В ходе переговоров был также урегулирован вопрос об использовании британского тоннажа для советских перевозок, чему англичане придавали особое значение.
Мы отказались от требования постоянного торгового договора и были готовы подписать временное торговое соглашение.
Таким образом, к началу сентября выработка этого соглашения в основном была закончена. Оставалось лишь произвести последнюю легкую шлифовку текста, и соглашение могло быть подписано в первых числах сентября.
Не тут-то было! Едва работа по самому торговому соглашению подошла к завершению, как английская сторона вновь ввела в игру пресловутые «посторонние вопросы». Но сделала это не сразу, а постепенно, рассчитывая, очевидно, что советская сторона легче проглотит горькие пилюли, если они будут предложены ей в порядке очереди. О долгах и претензиях, а также о «Торгсине» Вилсон разговора не поднимал, зато «Лена Голдфилдс» опять стала мрачной тенью на пути наших переговоров.
Уже 20 июля Колвил направил мне письмо, в котором писал:
«Как вы помните, накануне перерыва в наших торговых переговорах вы были добры посетить меня в связи с делом «Лена Голдфилдс». Теперь, когда переговоры возобновлены, я думаю, было бы желательно продолжить нашу дискуссию по данному вопросу».
Я ответил Колвилу любезным письмом в котором снова излагал советскую позицию по вопросу о «Лена Голдфилдс» и в заключение заявлял:
«С момента наших прошлых переговоров об этом ничто не изменилось. Сейчас, как и раньше, мы рассматриваем дело «Лена Голдфилдс» как не имеющее никакого отношения к торговым переговорам. Я искренне надеюсь, что вы учтите нашу точку зрения, изложенную в моей ноте от 3 февраля, и не захотите осложнять эти переговоры, связывая их с делом «Лена Голдфилдс»».
Моя надежда не оправдалась. Правда, Колвил больше не возвращался к вопросу о «Лена Голдфилдс», но зато Вилсон взял себе за правило подымать этот вопрос при каждой встрече с представителями советской стороны. Однажды я не выдержал и весьма резко заметил:
– Я не могу вас понять, сэр Хорас. Вы прекрасно знаете нашу позицию по вопросу «Лена Голдфилдс». Вы прекрасно знаете, что мы по этому вопросу не уступим. И тем не менее вы каждый раз вновь подымаете его. К чему? Чтобы портить друг другу нервы? Чтобы задерживать подписание торгового соглашения?
Вилсон развел руками:
– Я прекрасно знаю вашу позицию. Я прекрасно знаю, что вы не уступите. Больше того, я прекрасно знаю, что бессмысленно и даже преступно задерживать подписание торгового соглашения, в котором заинтересованы тысячи английских промышленников, из-за претензии какой-то «Лена Голдфилдс». Тут я полностью с вами согласен. Но что я могу сделать? 30 дураков на скамьях парламента кричат об удовлетворении претензий «Лена Голдфилдс», а я – чиновник. Я должен выполнять приказ, который мне дает начальство.
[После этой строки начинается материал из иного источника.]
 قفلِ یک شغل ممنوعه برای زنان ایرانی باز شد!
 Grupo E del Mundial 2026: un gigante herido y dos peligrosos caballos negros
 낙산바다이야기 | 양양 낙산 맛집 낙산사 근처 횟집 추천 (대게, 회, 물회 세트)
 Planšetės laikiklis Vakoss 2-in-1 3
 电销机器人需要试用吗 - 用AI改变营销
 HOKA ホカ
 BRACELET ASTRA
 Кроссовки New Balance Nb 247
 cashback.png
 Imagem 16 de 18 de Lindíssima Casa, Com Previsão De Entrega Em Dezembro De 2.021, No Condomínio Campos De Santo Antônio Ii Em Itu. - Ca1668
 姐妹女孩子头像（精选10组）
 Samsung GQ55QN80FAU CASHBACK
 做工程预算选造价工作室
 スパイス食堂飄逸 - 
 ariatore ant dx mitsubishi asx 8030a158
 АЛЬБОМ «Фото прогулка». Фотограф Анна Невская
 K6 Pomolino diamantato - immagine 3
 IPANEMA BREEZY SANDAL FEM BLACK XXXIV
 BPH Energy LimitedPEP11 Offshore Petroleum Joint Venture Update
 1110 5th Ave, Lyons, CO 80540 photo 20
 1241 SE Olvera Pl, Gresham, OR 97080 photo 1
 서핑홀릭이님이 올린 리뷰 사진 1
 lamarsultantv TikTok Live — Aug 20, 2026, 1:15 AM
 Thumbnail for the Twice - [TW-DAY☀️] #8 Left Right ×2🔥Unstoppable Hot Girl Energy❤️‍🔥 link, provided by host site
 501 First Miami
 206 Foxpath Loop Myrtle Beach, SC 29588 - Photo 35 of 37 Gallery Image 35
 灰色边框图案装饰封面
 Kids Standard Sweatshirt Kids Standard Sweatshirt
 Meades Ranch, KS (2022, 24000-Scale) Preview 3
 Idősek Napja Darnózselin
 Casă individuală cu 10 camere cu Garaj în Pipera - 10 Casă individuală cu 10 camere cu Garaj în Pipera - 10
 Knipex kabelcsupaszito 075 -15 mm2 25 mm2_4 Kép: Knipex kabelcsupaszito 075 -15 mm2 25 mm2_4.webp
Откровенность Вилсона меня тогда поразила. Мне даже показалось сначала, что в его голове гнездятся какие-то здоровые мысли. Потом я убедился, что сильно ошибался. Просто в словах Вилсона прорезался тот глубокий, ни перед чем не останавливающийся цинизм, который составлял основной стержень его психологии. Вилсон не верил ни чужим, ни своим. Он не верил никому.
Как бы то ни было, но из-за «Лена Голдфилдс» наши переговоры вновь зашли в тупик. Англичане не хотели подписывать готового соглашения без урегулирования этого вопроса, а мы твердо стояли на том, что дело «Лена Голдфилдс» не имеет никакого отношения к торговым переговорам. Чтобы оказать давление на советскую сторону, англичане решили проявить выдержку. В конце августа Ренсимен, Колвил, Вилсон демонстративно уехали «в отпуск». Для поддержания контакта о нами были оставлены чиновники третьего и четвертого ранга, которые на вопрос о сроке подписания соглашения обычно пожимали плечами и, глядя в потолок, что-то бормотали о необходимости длительного отдыха для министра торговли. Это была явная игра на нервах.
Тогда и мы с Озерским по согласованию с Москвой также решили отправиться в отпуск.
На месте для контакта с англичанами остались Каган и один из заместителей торгпреда. В первых числах сентября я покинул Лондон и отправился в длительное путешествие. Вопрос стоял так: кто кого переупрямит?